▶ _THE TASK_: Skip every picture, and copy exactly the lines from the one containing "adidas UltraBoost DNA" to the end of the data.

(SOURCE MATERIAL begins)

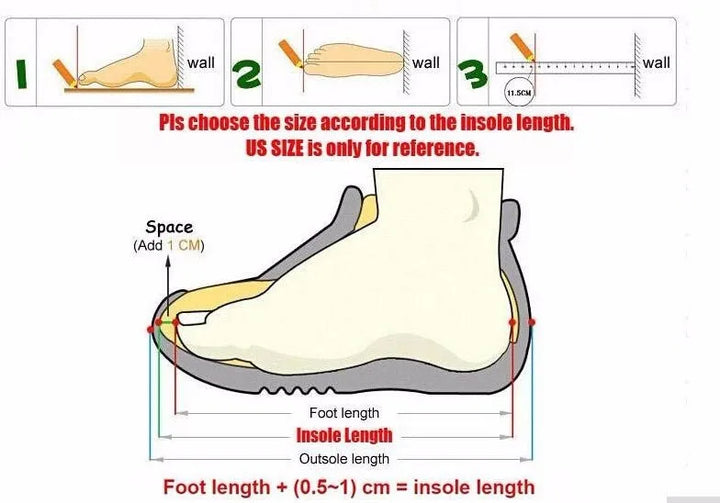 Children Football Shoes Soccer Boots Kids Boy Girl Sneakers New Leather High Top Soccer Cleats Training Outdoor Hook & Loop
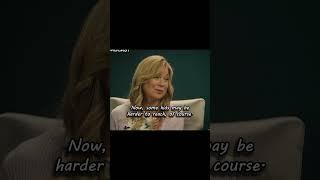 Good.American.Family#goodamericanfamily #fyp #movie #tv #clips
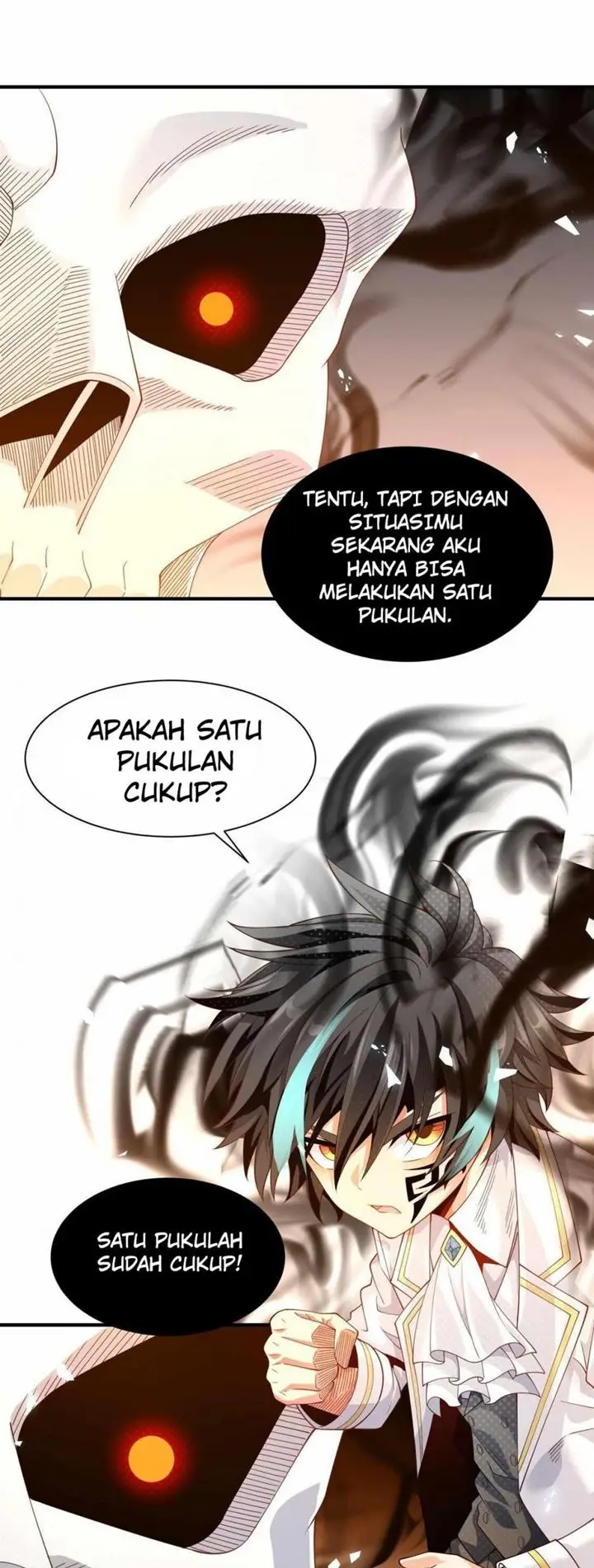 image-komik-little-tyrant-doesnt-want-to-meet-with-a-bad-end-chapter-23-18/82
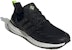 adidas UltraBoost DNA Guard 'Hitam Kuning Terang' GX3574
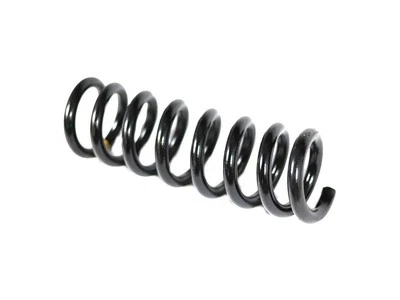 For Dodge Challenger 2019 Mopar 68406036AB Rear Coil Spring Foto 1 de 2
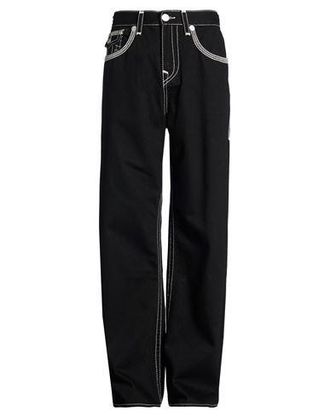 True Religion VINNY SUPER FLATLOCK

(SOURCE MATERIAL ends)

▶ _TASK ANSWER_:
 adidas UltraBoost DNA Guard 'Hitam Kuning Terang' GX3574
 For Dodge Challenger 2019 Mopar 68406036AB Rear Coil Spring Foto 1 de 2
 True Religion VINNY SUPER FLATLOCK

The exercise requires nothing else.